* _Exercise details_: What should be copied is the stretch of entries below from the line with "This is Sandy's" up to and including the line with "For the cheese", exactly and without images.

* _Record excerpts_:
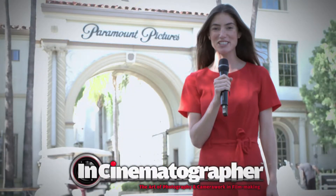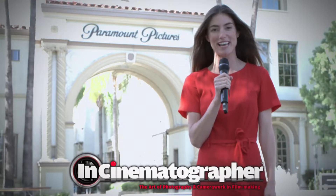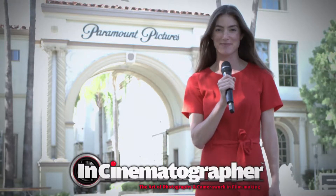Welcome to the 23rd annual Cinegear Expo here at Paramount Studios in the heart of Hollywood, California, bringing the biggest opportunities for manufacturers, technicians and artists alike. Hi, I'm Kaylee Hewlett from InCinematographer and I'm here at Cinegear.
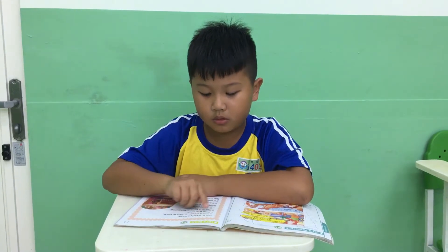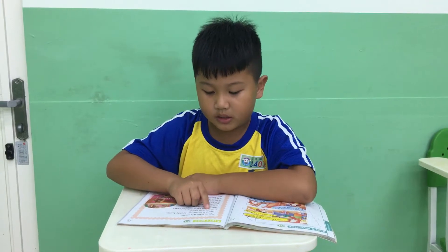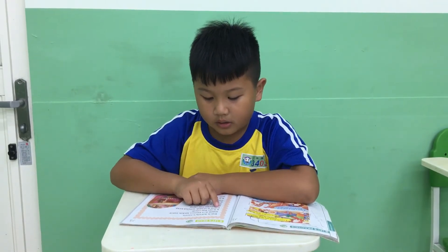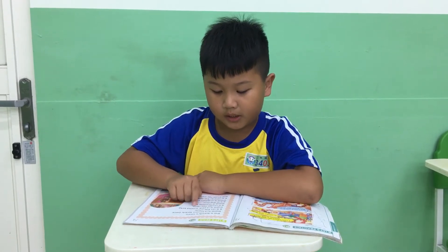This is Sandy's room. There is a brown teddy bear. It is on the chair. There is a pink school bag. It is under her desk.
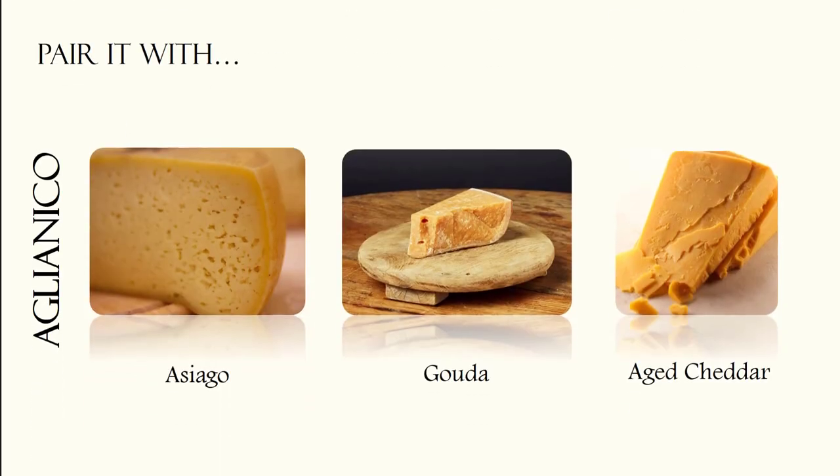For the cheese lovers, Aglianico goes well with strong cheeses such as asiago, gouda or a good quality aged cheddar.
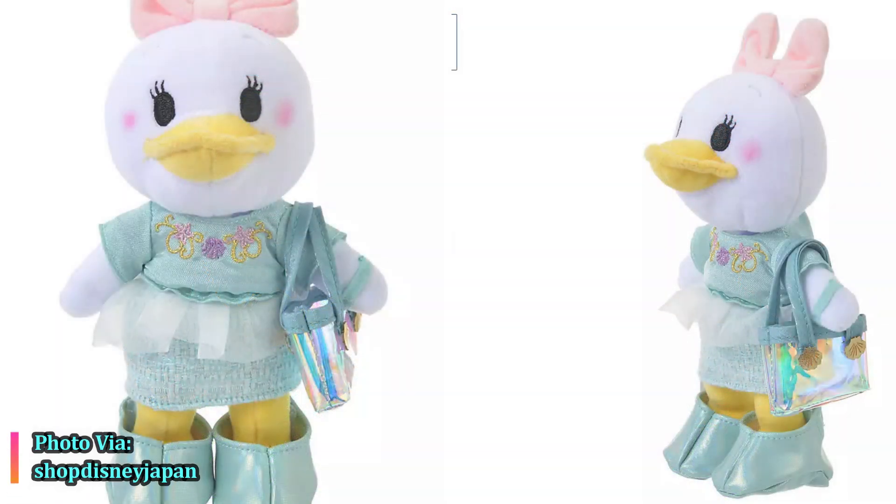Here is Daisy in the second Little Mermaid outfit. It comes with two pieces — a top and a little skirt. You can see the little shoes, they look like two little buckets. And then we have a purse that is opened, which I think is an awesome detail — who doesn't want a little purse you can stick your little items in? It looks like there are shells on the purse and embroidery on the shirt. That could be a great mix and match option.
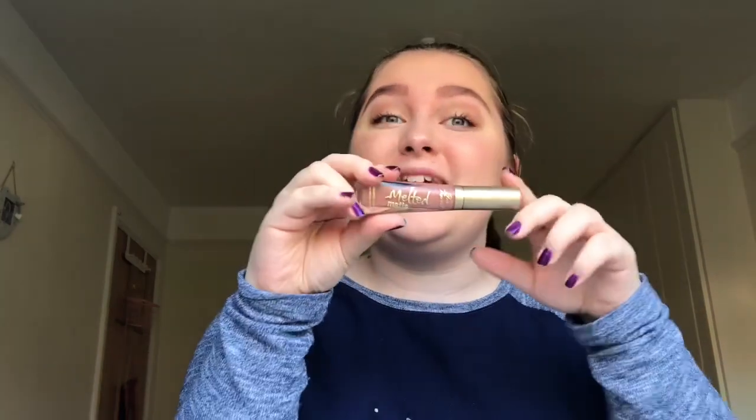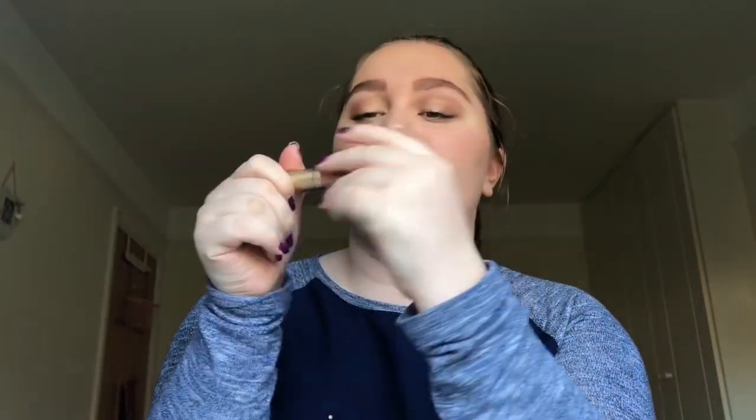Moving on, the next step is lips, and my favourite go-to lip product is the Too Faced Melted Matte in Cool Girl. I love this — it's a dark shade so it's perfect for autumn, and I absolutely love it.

...

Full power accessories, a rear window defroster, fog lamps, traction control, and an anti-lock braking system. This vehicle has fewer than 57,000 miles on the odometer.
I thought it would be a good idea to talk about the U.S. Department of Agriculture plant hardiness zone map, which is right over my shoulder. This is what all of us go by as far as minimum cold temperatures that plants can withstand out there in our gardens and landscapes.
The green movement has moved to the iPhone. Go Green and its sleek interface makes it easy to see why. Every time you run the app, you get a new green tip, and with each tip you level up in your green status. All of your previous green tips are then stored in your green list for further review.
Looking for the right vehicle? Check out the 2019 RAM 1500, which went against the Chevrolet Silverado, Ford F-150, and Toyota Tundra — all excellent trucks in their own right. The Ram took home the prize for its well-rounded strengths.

* _Exercise response_:
This is Sandy's room. There is a brown teddy bear. It is on the chair. There is a pink school bag. It is under her desk.
For the cheese lovers, Aglianico goes well with strong cheeses such as asiago, gouda or a good quality aged cheddar.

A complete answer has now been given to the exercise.